Wednesday, January 20, 2010

Warm, fuzzy feeling...

Well, God stepped in and saved us from being homeless. Our priest and church business manager paid for us to stay here another 28 days. It was a mighty battle that I don't even feel like recounting here, but it did cause alot of drama and stress. I kept my cool, though. I told Brown and we talked for a while. It was a good conversation. I truly feel that all this family drama and tragedy we're experiencing is bringing the two of us closer. I know talk is cheap but his words do make me happy. I see us together for the long haul. I'm really going to try my best to only be with him intimately. He's always held my heart, but I need to do right physically. I honestly love him and I can't wait until we're in a position to take our relationship to the next level. But it will happen in due time.
Now that we have shelter for a while longer, I truly hope to get that job I really want. I need to be working but like everything, it has to be in God's will.
Another thing that's bothering me is the return of Suga. I think he's a handsome guy but I don't want to have sex with him again. My heart isn't in it and neither is my mind. He's so sweet though! And maybe he could help me with a few dollars...but I really don't want to use him or hurt him.
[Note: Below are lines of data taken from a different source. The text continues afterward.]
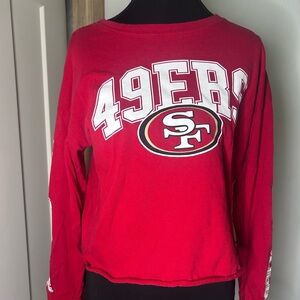 San Francisco 49ers NFL Red Long Sleeve Tee Sporty Preppy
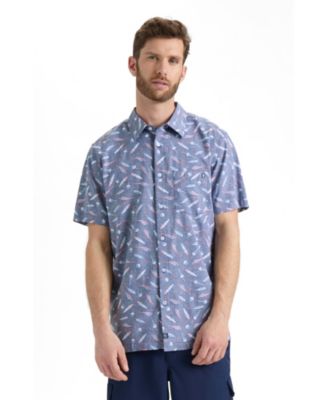 Men's Tempting Tackle Woven Short Sleeve Shirt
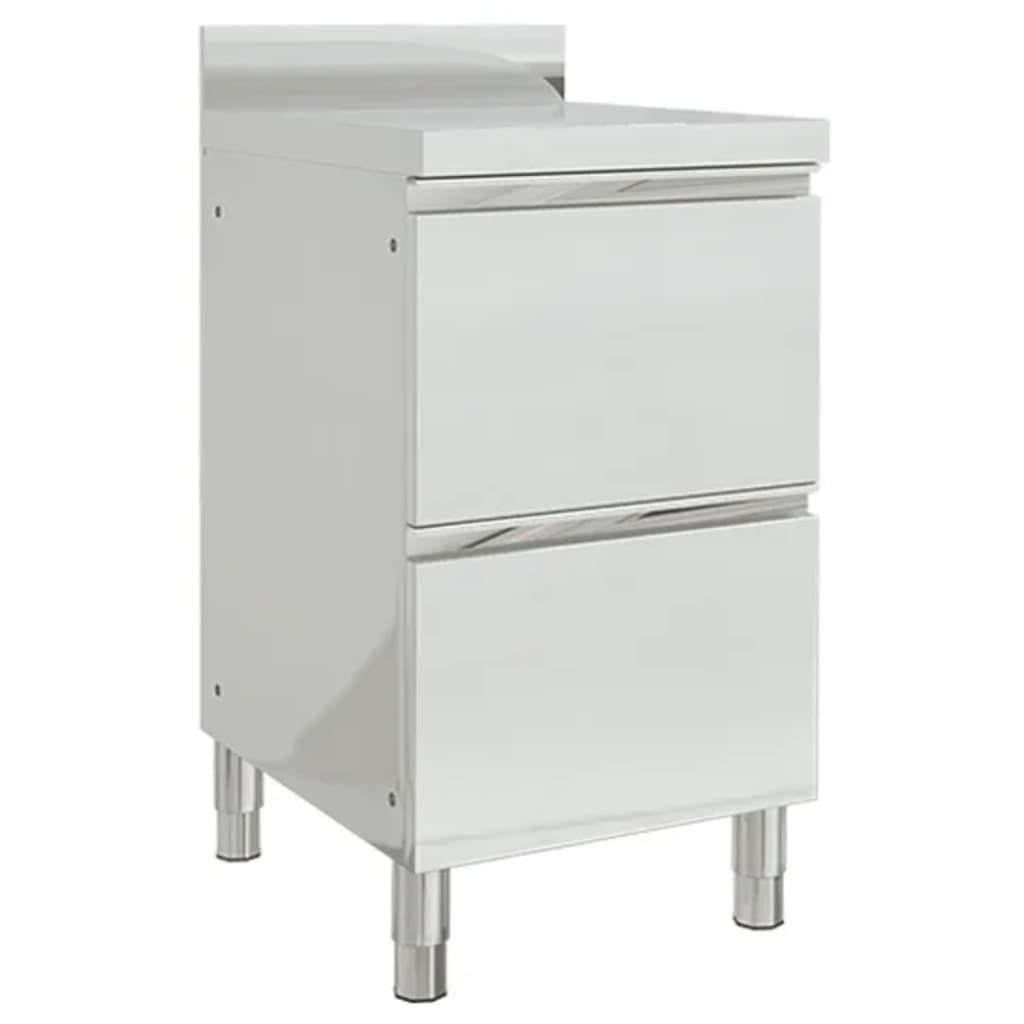 vidaXL Gewerbe-Küchenschrank mit 2 Schubladen 50x60x96 cm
I don't know.
Everyday I pray that our situation changes for the better. I hope that God continues to listen and help my family

Monday, January 18, 2010

So So Scared...

Ok, in a few hours I'll know whether or not we can stay in this motel longer. We only have around $25 dollars and no other source of income has presented itself yet. That means no gas, no laundry, no food, and most importantly, no shelter. I don't think I'll lose my mind if we have to leave, but emotionally, I just can't take another eviction. I don't know what my family has done wrong. We are by no means perfect but what did we do to deserve this fate? Just when I feel that we're going to be ok, something tells me to look at when we had our apartments-I felt we weren't going to be evicted but we were. And what did the Haitians do to deserve that horrible earthquake? Nothing, yet innocent people have died and the death toll will only rise. So with things like that swimming in my head, what else can I believe except that we're going to be hungry, and dirty, and sleeping in our cars???? I have one tiny bright spot, well, two actually. My sister is ok back on campus so at least we don't have to worry about her physically. Brown and I are on a good level, each knowing that the other is dealing with difficult family situations. These thoughts keep me going, but honestly, what is God doing? We need Him in such a powerful and awesome way that I don't have the words to accurately express it. Mama always says we'll be ok, and we are, if I must be honest. We've always had food, shelter, and were able to clean and wash. And she's usually right about things, major things. And when she makes up her mind to do something, it usually works out in our favor, so I PRAY that this is also one of those times. I still want us to be financially independent, with homes and cars and enough money to live well for the rest of our lives and to be a blessing to others. But right now, I'd settle for knowing that we can stay in this motel room, have food and gas money, and be able to wash clothes. If I were to get a job, I have no problem wearing the same clothes until I got paid, just as long as my family and I have a roof over our heads and food in our stomachs. I truly hope God the Father, God the Son, and God the Holy Spirit hears my family's pleas and delivers us. GOD WE NEED YOU NOW!!!! WE ARE YOUR CHILDREN!!! DO NOT FORSAKE US, BUT ALLOW US TO LIVE AS CHILDREN OF KINGS SHOULD LIVE!!! WE WORSHIP YOU, WE GIVE YOU PRAISE!!!!! AMEN!!!!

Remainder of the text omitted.